The joy of working in an open community

During the last month or so, I’ve been struggling/stuck solving data processing scripts. Fortunately, working in geospatial sciences and with an open technology stack, the community is always there to help. In short, the process I was following was:

  1. Read the data.
  2. Process it with GeoPandas.
  3. Split the data to append it to two different tables in the database.
  4. Save the data in a Postgres database.

In theory, the process sounds quite simple. However, the challenge came from the size of the data -55 datasets of more than 20 million rows each- and the tame it took to upload the data into the database using geopandas, a Python 🐍 library to work with geodata. In my initial tests, for one file it ran for two days without finishing uploading the data. I optimized my code to run the analysis faster, but in the end, the bottleneck was moving the data into the database.

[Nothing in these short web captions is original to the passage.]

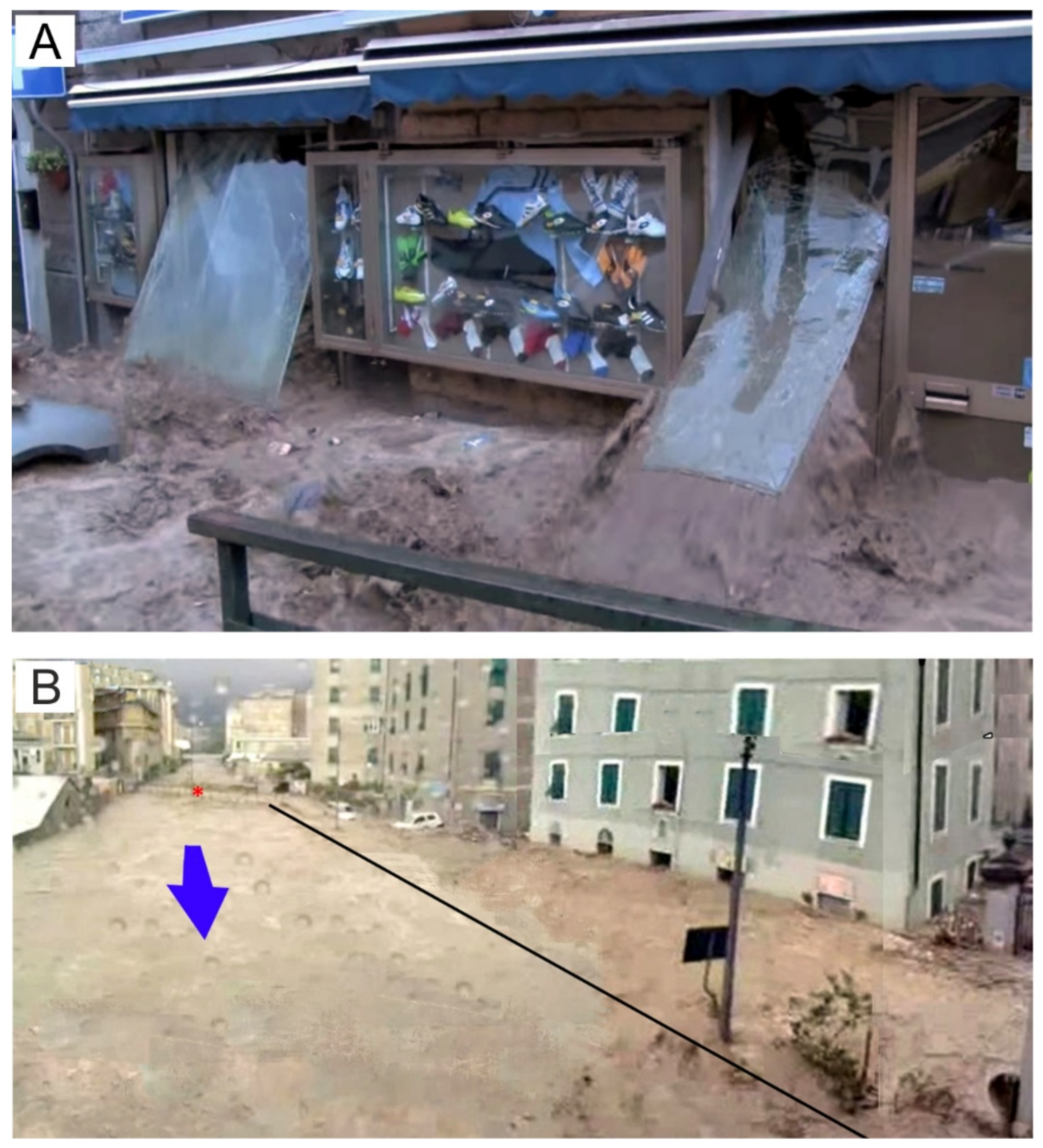 Land 10 00620 g008 Land 10 00620 g008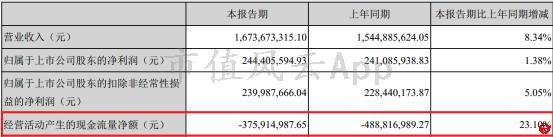 天广中茂公司还在正常运营吗,天广中茂生产经营正常吗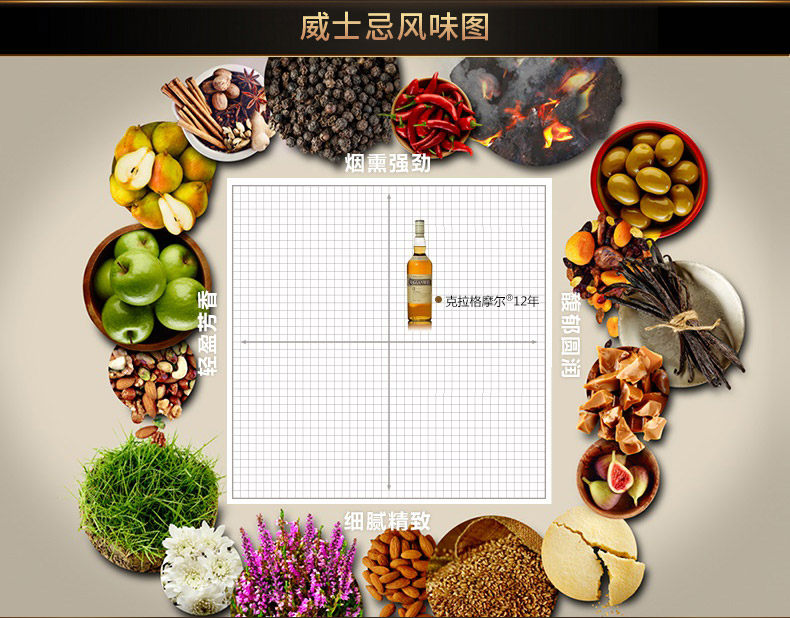 16日10点 帝亚吉欧 克拉格摩尔 12年单一麦芽威士忌 700ml 图2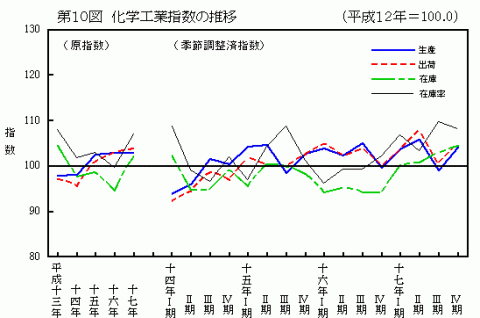 第10図化学工業指数の推移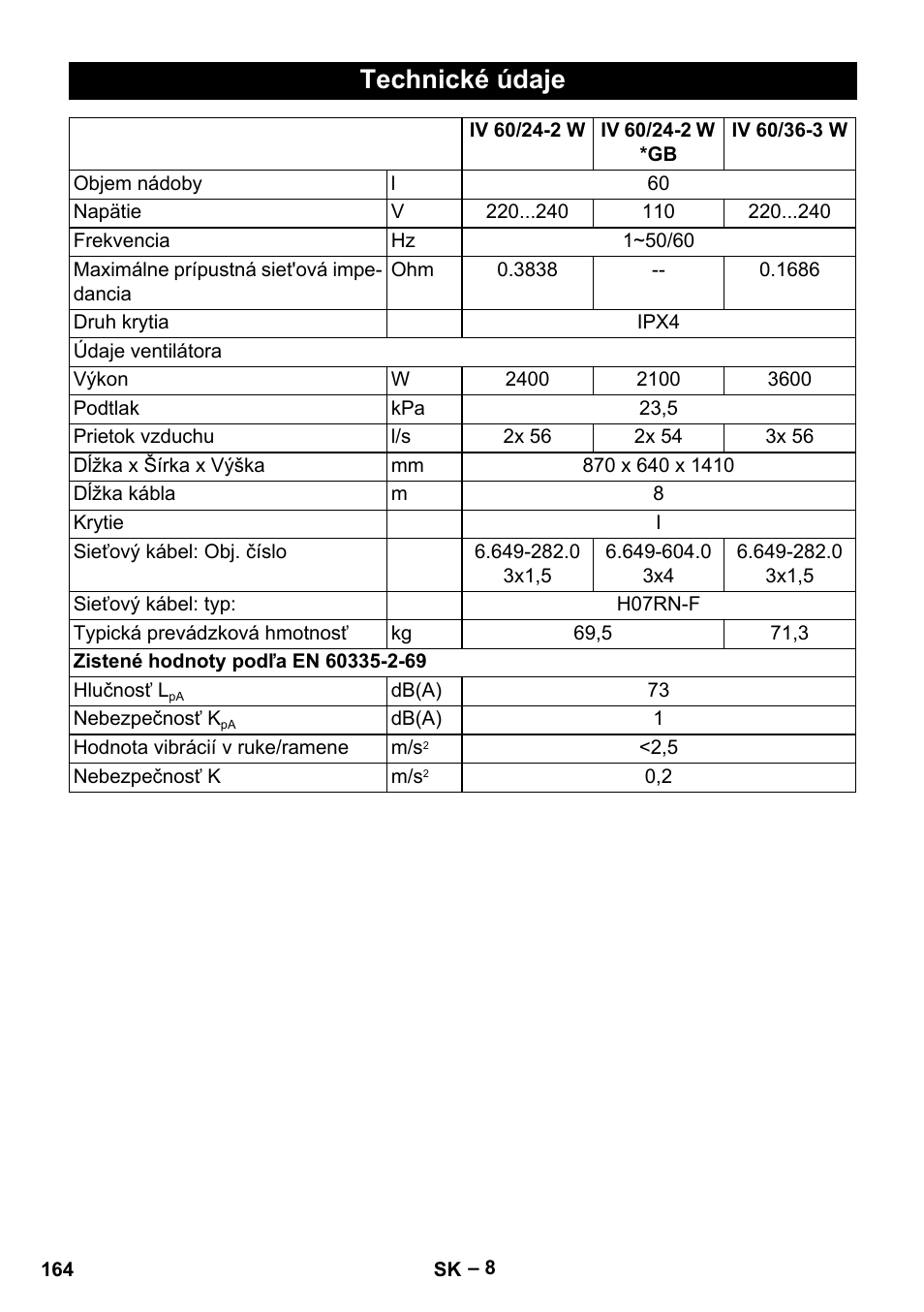 Technické údaje | Karcher IV 60-36-3 W User Manual | Page 164 / 224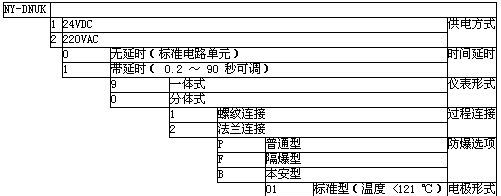 料位开关|石羊集团饲料厂专供射频导纳料位开关(图)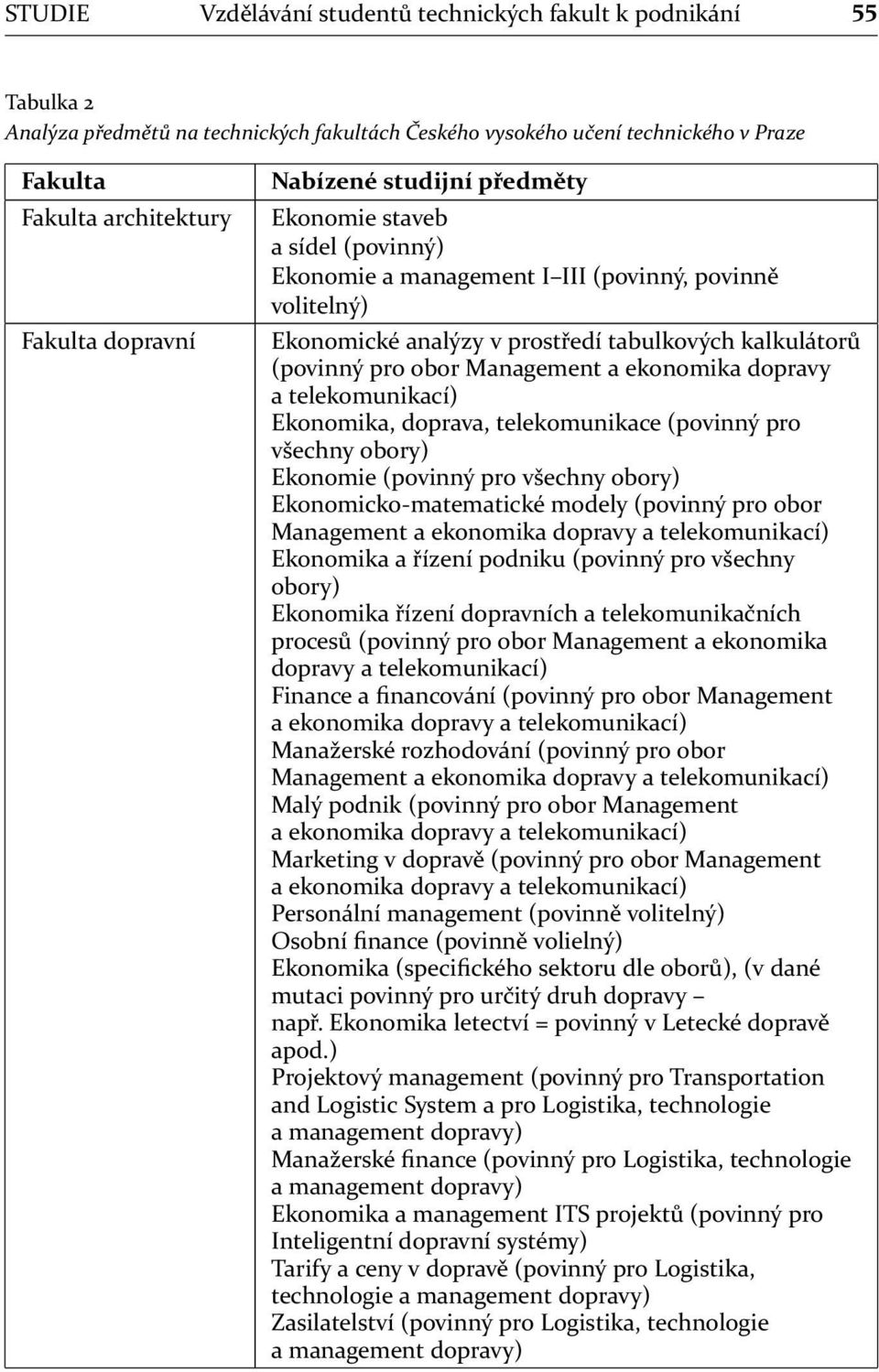 Management a ekonomika dopravy a telekomunikací) Ekonomika, doprava, telekomunikace (povinný pro všechny obory) Ekonomie (povinný pro všechny obory) Ekonomicko-matematické modely (povinný pro obor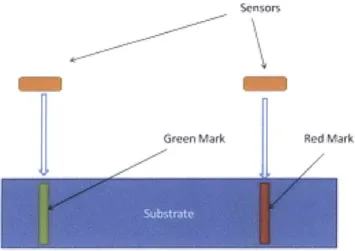 Figure 13:  Simplified  Sensing  Method  For Detecting  The  Relative  Position Between  Two  Layers of  Print in Gravure Printing.
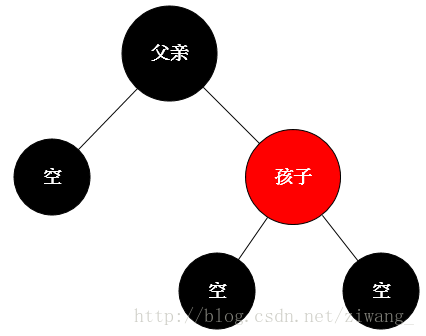 删除后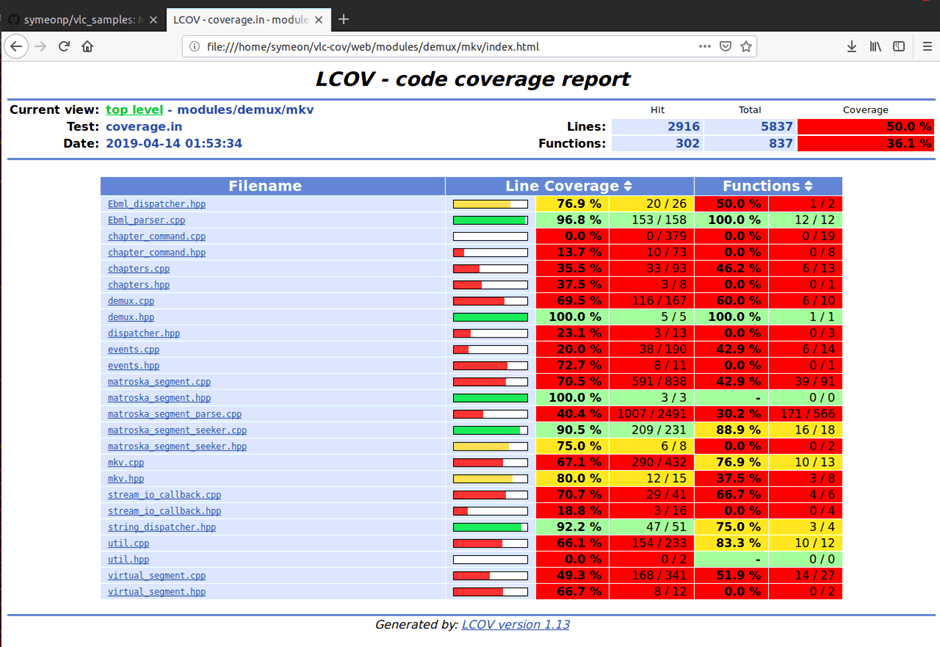 VLCfuzz-13.png?x38147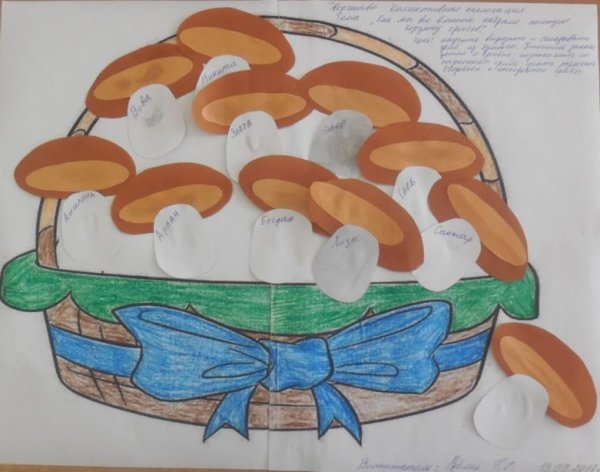 Аппликация корзинка с грибами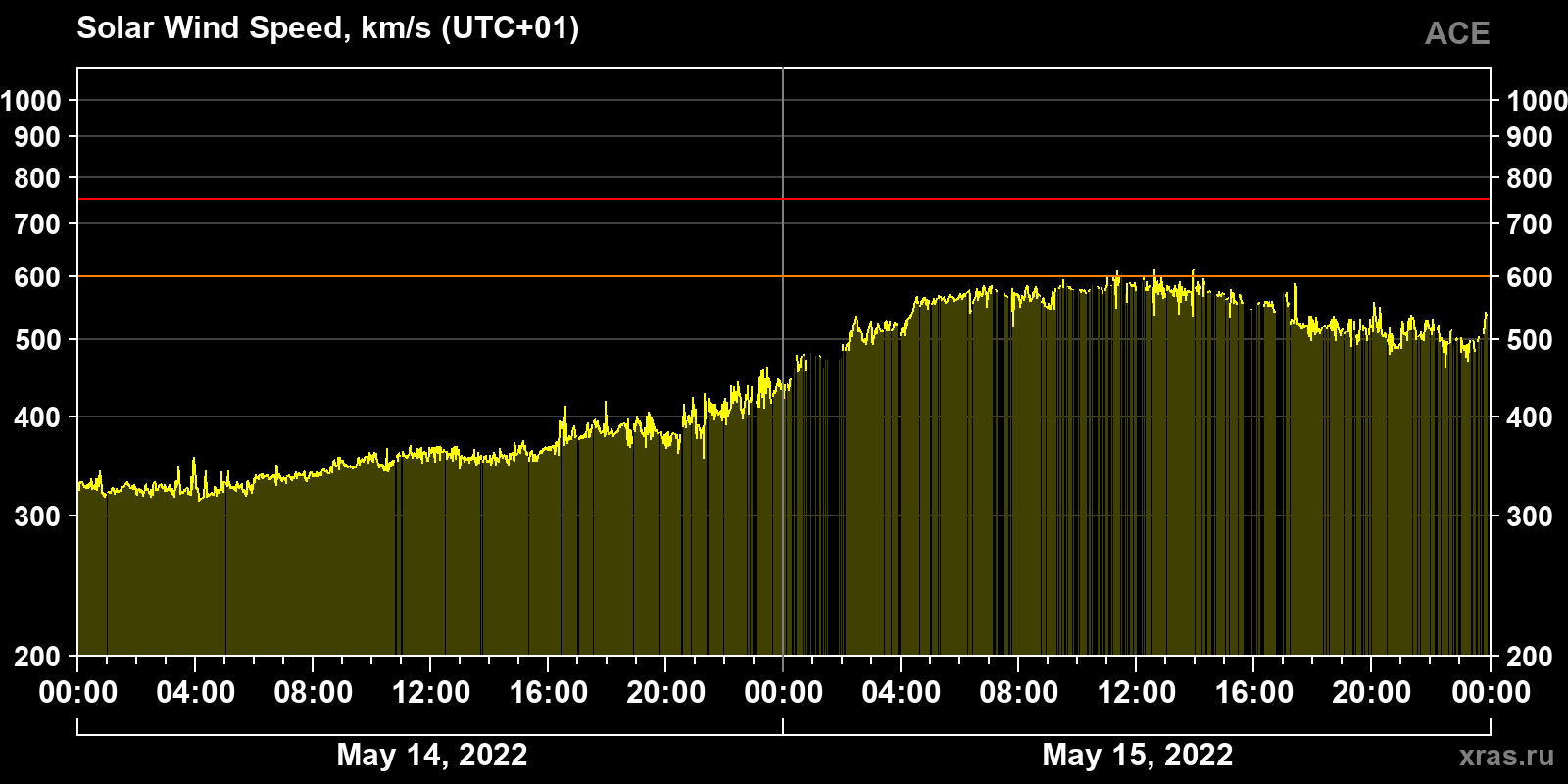 Solar wind speed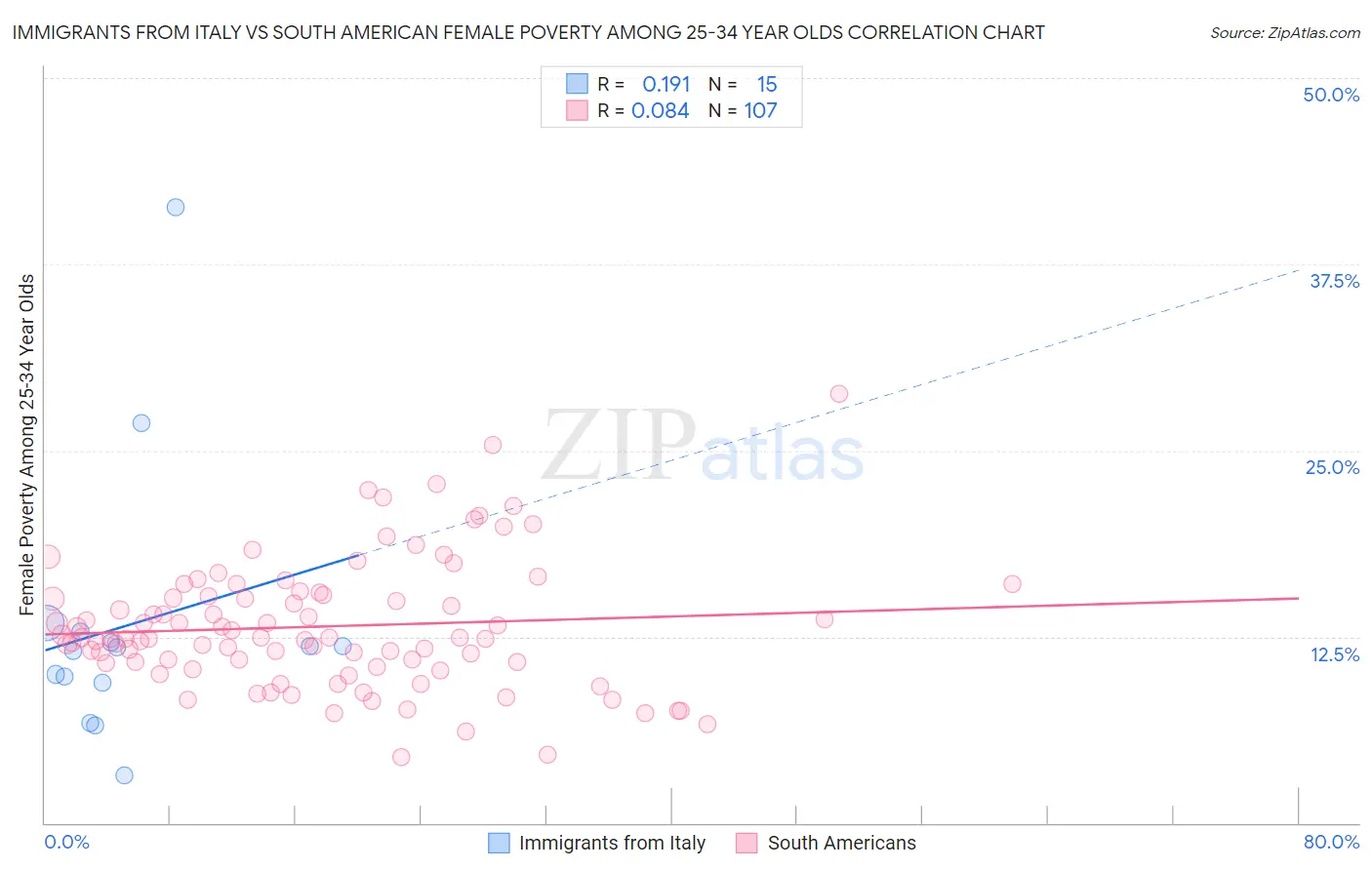 Immigrants from Italy vs South American Female Poverty Among 25-34 Year Olds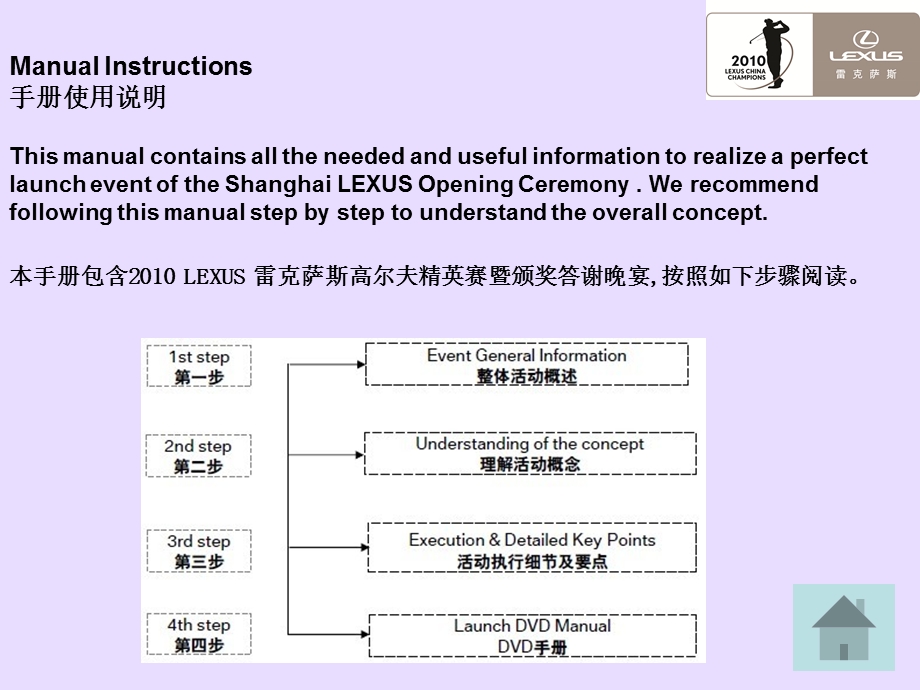 中山Lexus高尔夫球赛执行方案.ppt_第3页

To solve the problem I tapped into the collective wisdom from open communities. The first step, as with most of the coding problems, was to turn to StackOverflow 🕵️. I found a couple of pointers on how to optimize the process, mostly when working with regular data tables. However, mines had geographical properties, thus making some of the suggestions not so easy to integrate into my workflow. After reading some technical blogs and getting, most of the time, similar answers and approaches I decided to ask in The Spatial Community slack. Within minutes I received a couple of answers pointing to possible specific solutions on how to modify my code and solve the roadblock. After some testing one of those solutions worked like a charm. I went from ♾ to less than a minute to upload the data.

I am very fortunate to be working on problems that are solved with open source technology, and that have a large welcoming community. Being able to interact with people around the world, that are working on similar topics, and that share their knowledge provides a great opportunity to keep growing and sharing knowledge.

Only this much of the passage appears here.